- Theatrical release poster
- Directed by: Sam Weisman
- Written by: Steven Brill
- Based on: Characters by Steven Brill
- Produced by: Jon Avnet Jordan Kerner
- Starring: Emilio Estevez; Michael Tucker; Jan Rubeš; Kathryn Erbe;
- Cinematography: Mark Irwin
- Edited by: John F. Link Eric Sears
- Music by: J. A. C. Redford
- Production companies: Walt Disney Pictures Avnet-Kerner Productions
- Distributed by: Buena Vista Pictures Distribution
- Release date: March 25, 1994;
- Running time: 106 minutes
- Country: United States
- Language: English
- Box office: $45.6 million

= D2: The Mighty Ducks =

1994 film by Sam Weisman

D2: The Mighty Ducks (also known as The Mighty Ducks 2) is a 1994 American family sports comedy-drama film directed by Sam Weisman. It is the second installment in the Mighty Ducks trilogy, and a sequel to the 1992 film The Mighty Ducks produced by Walt Disney Pictures, The Kerner Entertainment Company and Avnet–Kerner Productions. Emilio Estevez, Joshua Jackson, Elden Henson, Shaun Weiss, Brandon Adams, Matt Doherty, Garette Ratliff Henson, Marguerite Moreau, Vincent Larusso, Brock Pierce, Robert Hall, and Bob Miller reprise their roles in the film with Michael Tucker, Jan Rubeš and Kathryn Erbe joining the cast. Kenan Thompson appears in his first film role. It was followed by the final film of the series, D3: The Mighty Ducks, in 1996.

==Plot==
Former Pee-Wee hockey coach Gordon Bombay is a star in the minor leagues, expected to reach the National Hockey League. However, a career-ending knee injury brings him back to the Blukeville (Note: A fictitious name for the fifth district created for the trilogy, just like how the Junior Goodwill Games, not to mention the Eden Hall Academy from D3: The Mighty Ducks (1996), were fictional.) district of Minneapolis. Bombay is offered a chance to coach a team representing the United States in the Junior Goodwill Games in Los Angeles. He manages to reunite most of his former Ducks players, including Charlie Conway, Jesse Hall, Lester Averman, Connie Moreau, Guy Germaine, Greg Goldberg, and Adam Banks while the Hawks see the former Ducks rollerblading in the park, and try to enact revenge for their humiliating loss two years earlier. Their plans are foiled by Fulton Reed, who leaves them tied up in their underpants, and joins the other Ducks. Team USA consists of many of the old Ducks, in addition to five new players from across the country, with special talents: Luis Mendoza, from Miami, Florida, a speedster, Dwayne Robertson, from Austin, Texas, an expert puck handler with a cowboy edge, Julie "The Cat" Gaffney, from Bangor, Maine, a championship Goalie, Kenny Wu, from San Francisco, California, a junior Olympic figure skater, and Dean Portman, from Chicago, Illinois, a tough enforcer. Under Bombay's coaching, the Ducks and their new teammates quickly become unified, and head out to L.A.

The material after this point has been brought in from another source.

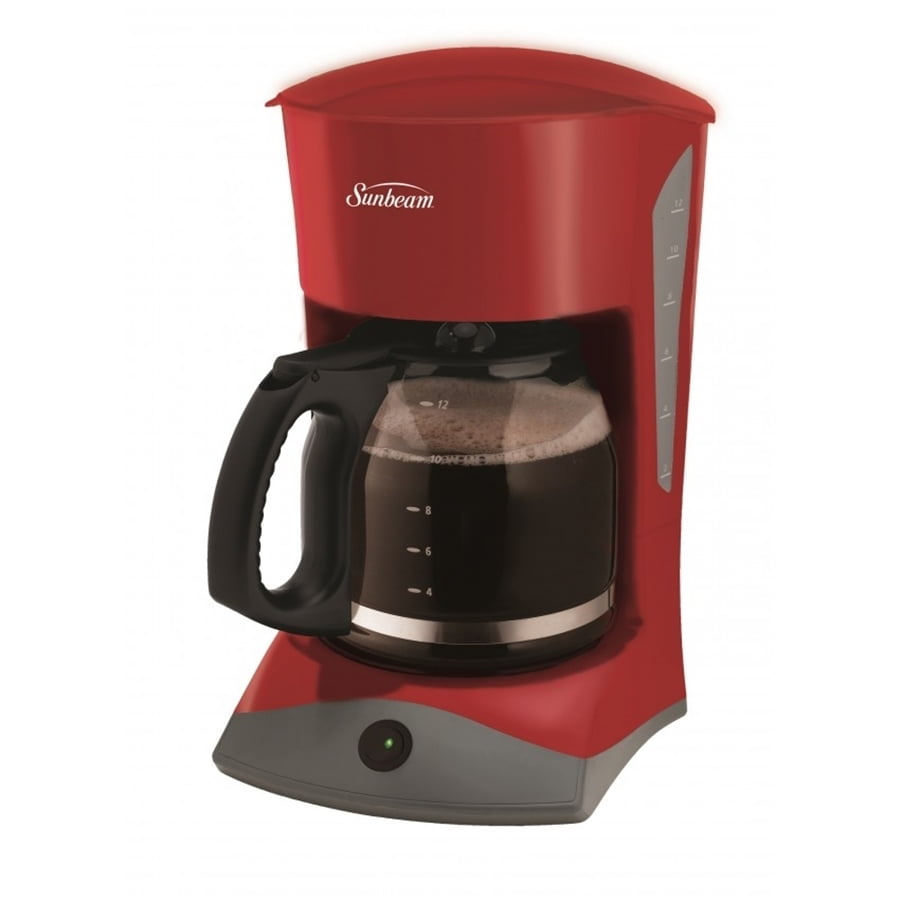 Sunbeam 6973033 12 Cup Coffee Maker with Removable Filter Holder Red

In Los Angeles, the lure of celebrity distracts Bombay, who begins to neglect the team for a luxurious lifestyle. The team wins easy victories over Trinidad and Tobago and Italy in the double-elimination tournament. Fulton Reed and Dean Portman gain recognition for their enforcer skills, and are dubbed the "Bash Brothers". Backup goaltender Julie Gaffney asks Bombay for a chance to play, but is told to wait as goalie Greg Goldberg is on a hot streak.

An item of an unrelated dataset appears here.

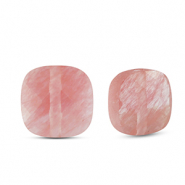 Perline di pietra naturale Vetro quadrate rosa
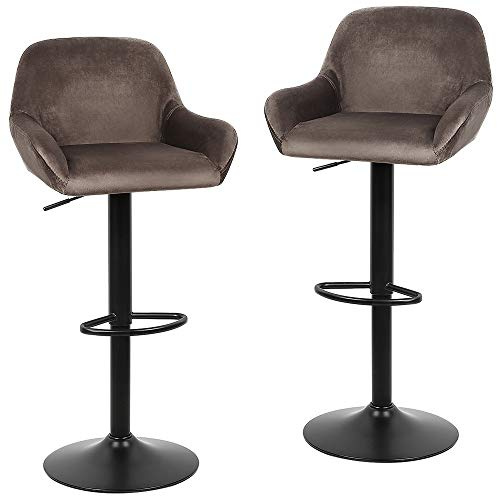 POPSPARK Barstolar, med ryggstöd och armstöd och fotstöd, flanellpall, järnmaterial, justerbar höjd, 360 graders roterande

However, the team suffers an embarrassing 12–1 defeat against Iceland, coached by ex-NHL player Wolf "The Dentist" Stansson. USA plays badly, Dean and Julie are ejected from the game for unsportsmanlike conduct, and star center Adam Banks is slashed in the wrist, after scoring Team USA's only goal. Frustrated, and realizing one more loss will mean elimination, and the end of his celebrity status, Bombay drives his players even harder, but they begin to suffer from complete exhaustion. Realizing the children are too tired to complete their school work or even stay awake in class, the team's tutor Michelle McKay intervenes, cancelling practice and confronting Bombay over his thoughtlessness. Once better rested, the players encounter a street hockey team, led by frequent game attendee Russ Tyler, who teaches them to play like "the real Team USA". Russ impresses the team, with his unique shot: the "knucklepuck" – which rotates end over end rather than spinning around its centerline.

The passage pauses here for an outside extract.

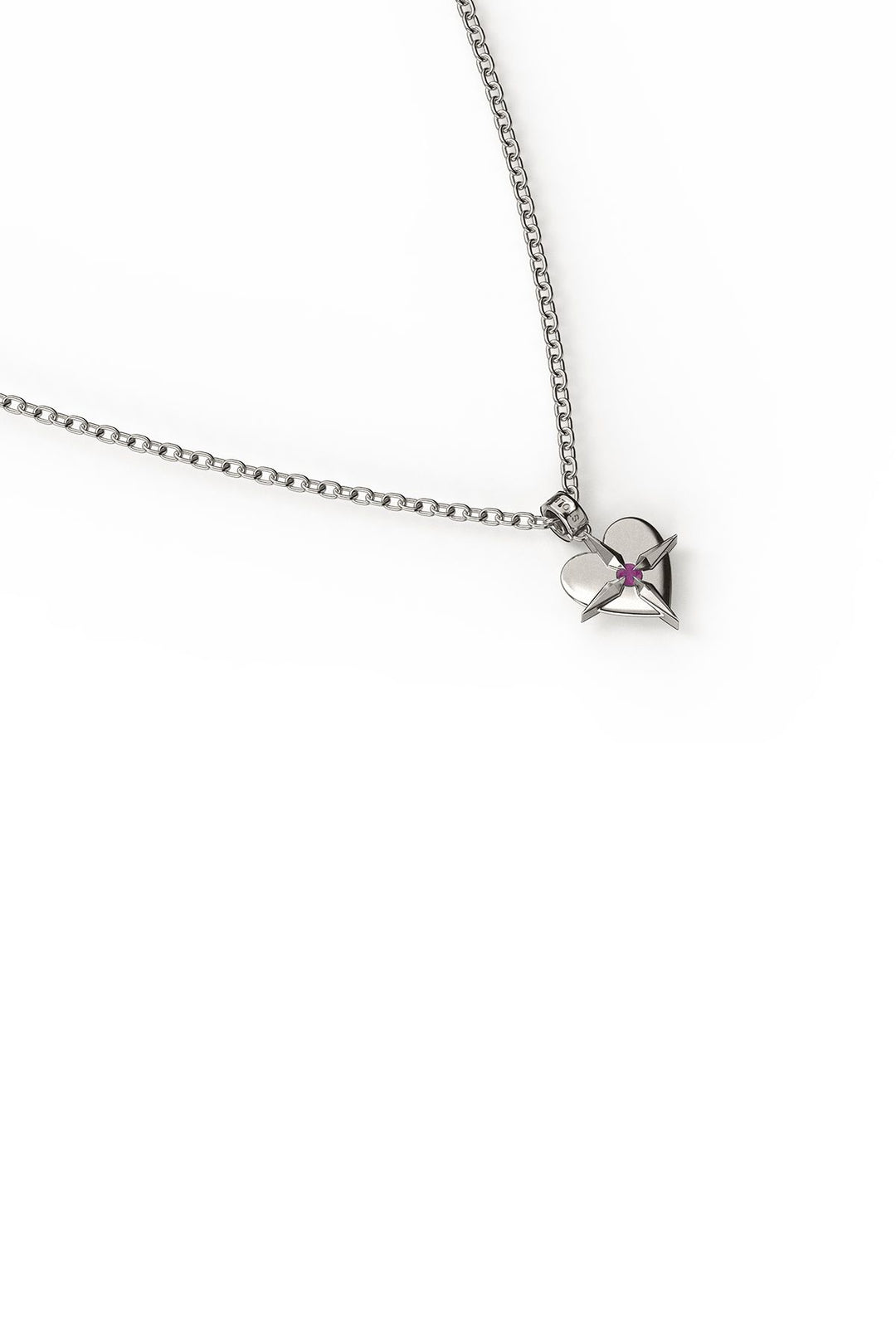 Stolen July Birthstone Heart Silver and Ruby Necklace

Bombay continues to suffer from the pressure until Jan, brother of Bombay's mentor Hans, visits and reminds him of his love for the game. In their match against Germany, Bombay fails to arrive on time, forcing Charlie to tell the referee Michelle is the team's assistant coach. The team struggles, entering the third period tied, until Bombay arrives and apologizes to the team for his behavior. Inspired by the true return of their coach, the players win the game with their signature "Flying V", and advance to the next round.

The renewed Bombay finally realizes Banks' wrist injury and benches him despite his complaints. To fill the open roster spot, Charlie recruits Russ Tyler, with his knucklepuck, which secures USA's victory over Russia, advancing them to the championship game for a rematch against Iceland. On the day of the game, Banks returns, his injury healed, only to find Team USA with a full roster. Knowing the team needs Russ's knucklepuck and Banks' skill against Iceland, Charlie gives up his own spot, cementing his leadership as true team captain. Bombay recruits Charlie to assist in coaching.

In the final game, the physically imposing Iceland initially dominates as the Ducks incur penalties: Ken picks a fight with an opposing player, after scoring a goal, the Bash Brothers fight the entire Iceland bench and Dwayne lassos an opposing player before he can check Connie. An annoyed Bombay observes, "this isn't a hockey game, it's a circus." as the second period ends, with Iceland ahead 4-1.

After a rousing locker room speech from Bombay and new Duck jerseys from Jan, the team emerges rejuvenated. The Ducks tie the game with goals from Connie, Banks, Luis, and finally Russ, who was targeted by Iceland but disguised himself as Goldberg to pull off a successful "knucklepuck". The game is forced to go to a five-shot shootout. Jesse, Guy, Fulton (with his signature slapshot), and Banks successfully score. With a 4–3 score in favor of the Ducks, Gunnar Stahl, the tournament's leading scorer, is Team Iceland's final shooter. Bombay replaces Goldberg with Julie, who has a faster glove. Gunnar fires a hard slapshot, and Julie falls to the ice. The entire stadium waits in breathless anticipation as she opens her glove and drops the puck, revealing the game-winning save and the Ducks' triumph over Iceland to win the tournament. Despite his disappointment, Stannson congratulates Bombay, and Gunnar congratulates Charlie stating "Good work, Captain Duck."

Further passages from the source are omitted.